Scraped caption text data
*** Begin section ***

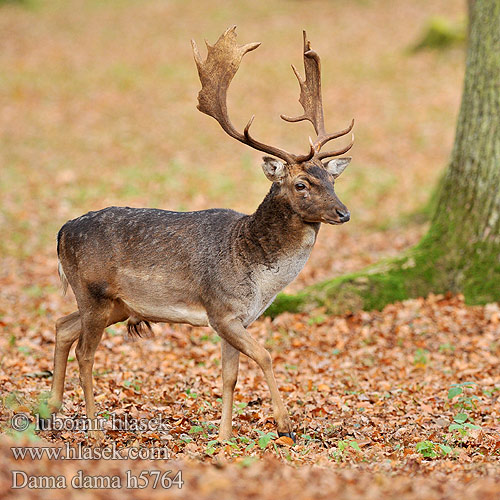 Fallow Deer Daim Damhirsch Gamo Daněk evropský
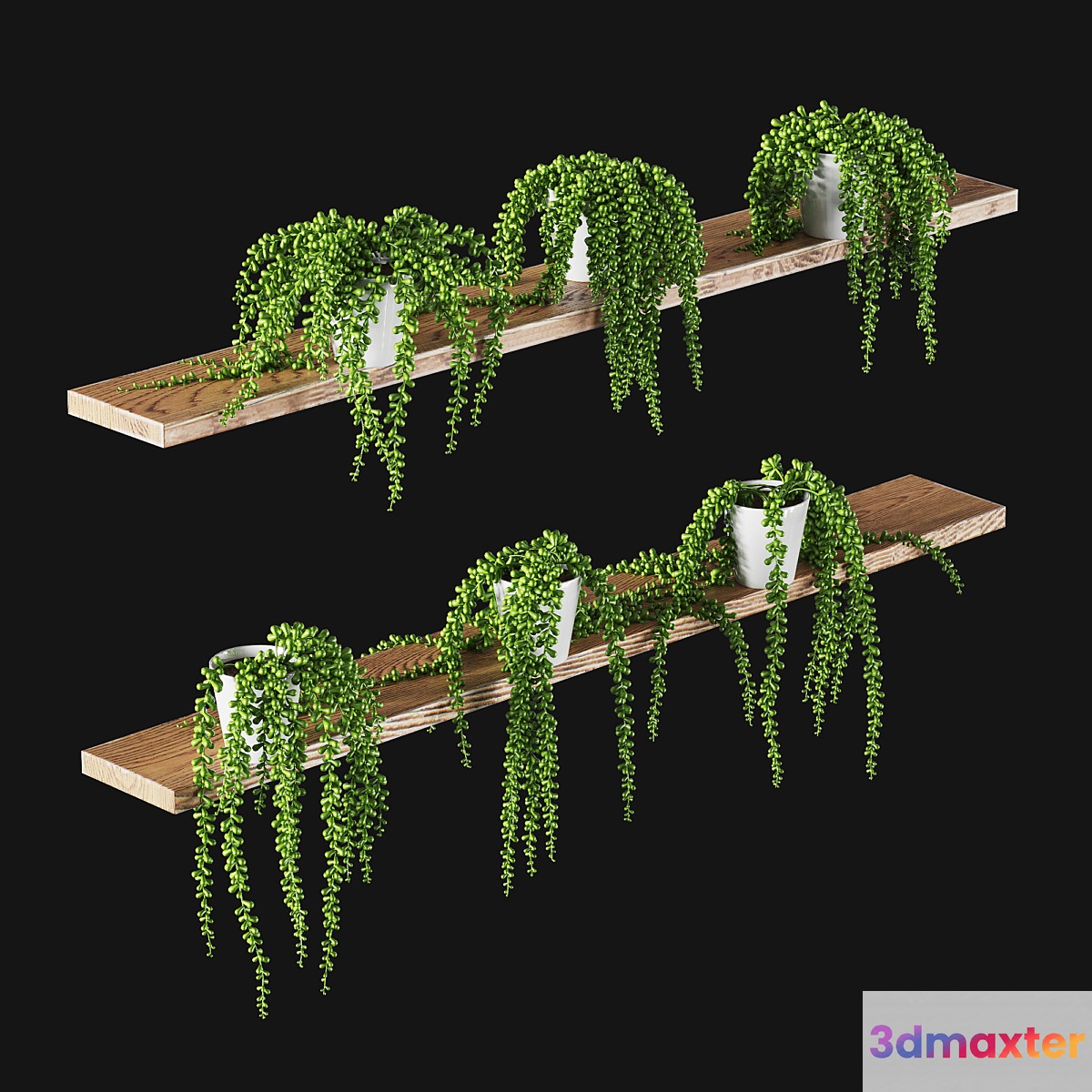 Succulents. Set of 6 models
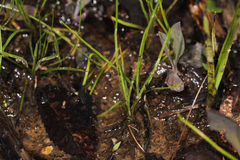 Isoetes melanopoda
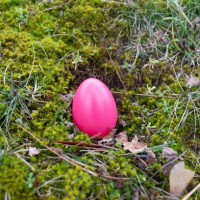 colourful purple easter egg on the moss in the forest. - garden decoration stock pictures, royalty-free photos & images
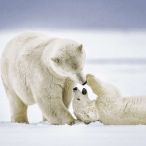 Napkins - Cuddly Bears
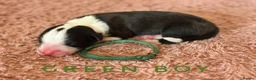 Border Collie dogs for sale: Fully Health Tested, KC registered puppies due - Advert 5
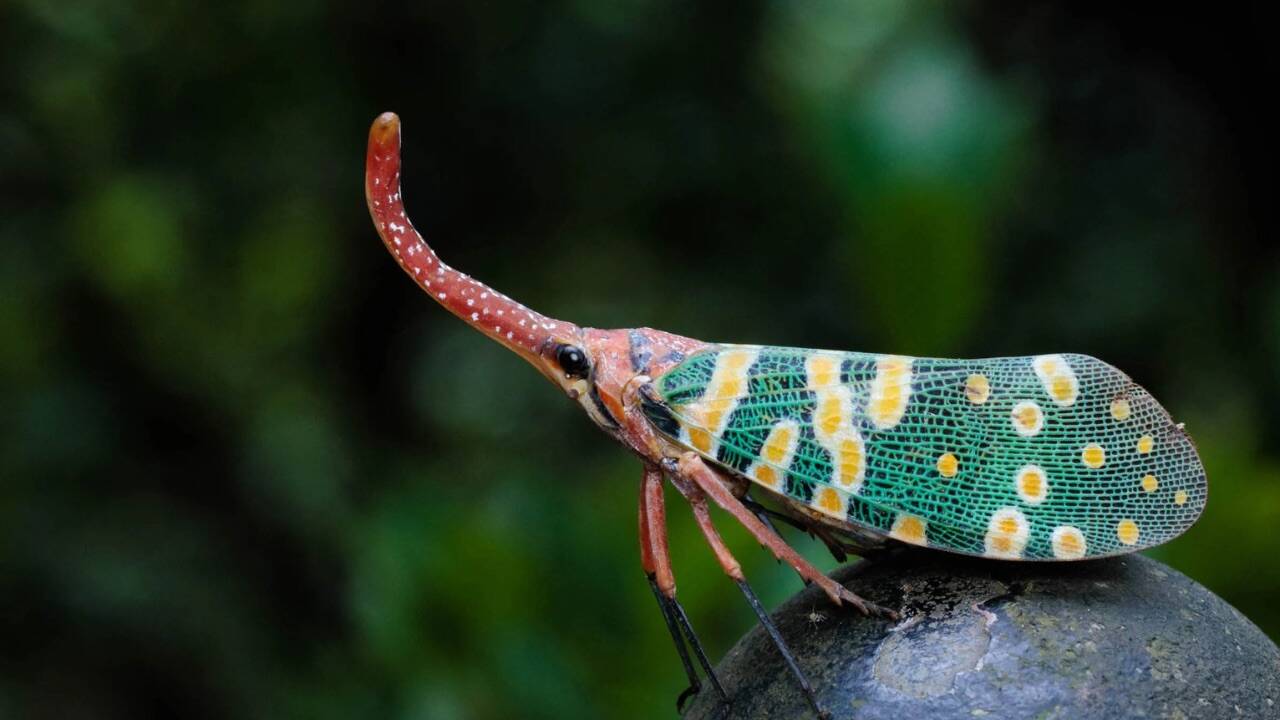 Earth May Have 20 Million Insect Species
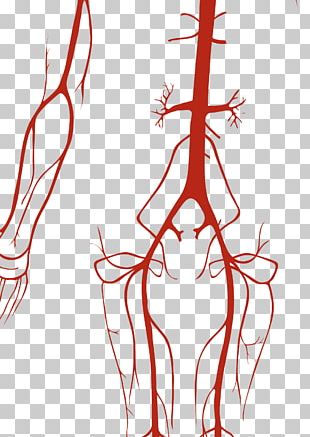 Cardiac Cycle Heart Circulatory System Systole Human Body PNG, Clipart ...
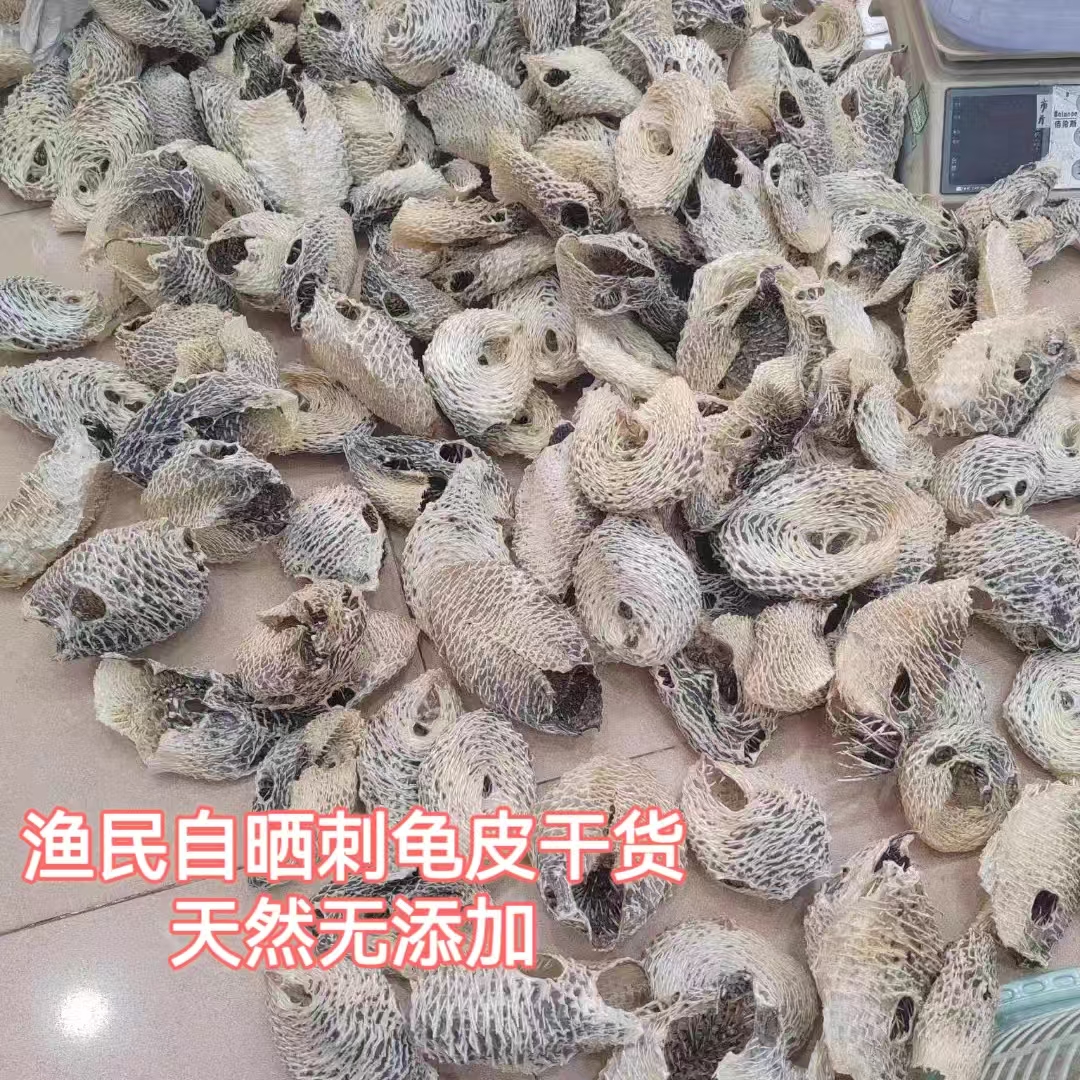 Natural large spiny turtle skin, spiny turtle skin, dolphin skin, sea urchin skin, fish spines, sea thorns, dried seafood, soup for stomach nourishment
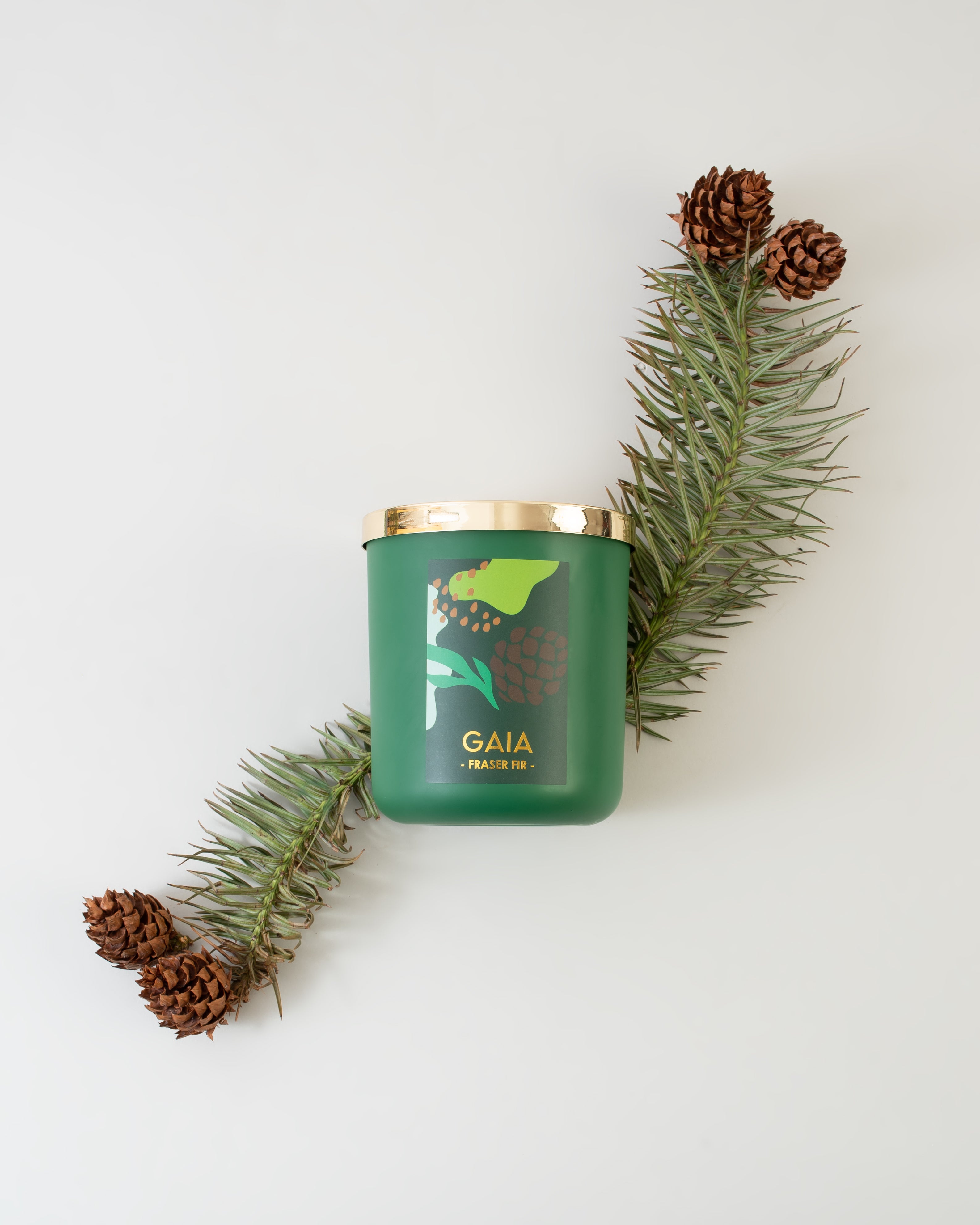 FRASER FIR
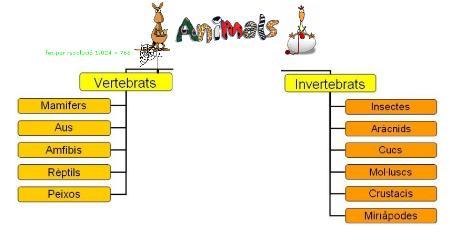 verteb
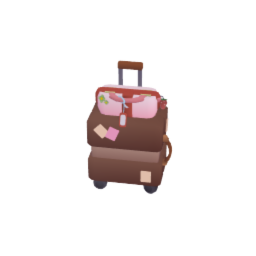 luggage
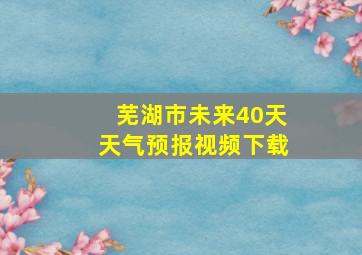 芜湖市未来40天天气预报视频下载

*** End section ***

**Your objective:** Please reproduce, word for word, every line from the first line of the records above through the line containing "Napkins - Cuddly Bears", and leave out the pictures.

**Answer box:**
 Fallow Deer Daim Damhirsch Gamo Daněk evropský
 Succulents. Set of 6 models
 Isoetes melanopoda
 colourful purple easter egg on the moss in the forest. - garden decoration stock pictures, royalty-free photos & images
 Napkins - Cuddly Bears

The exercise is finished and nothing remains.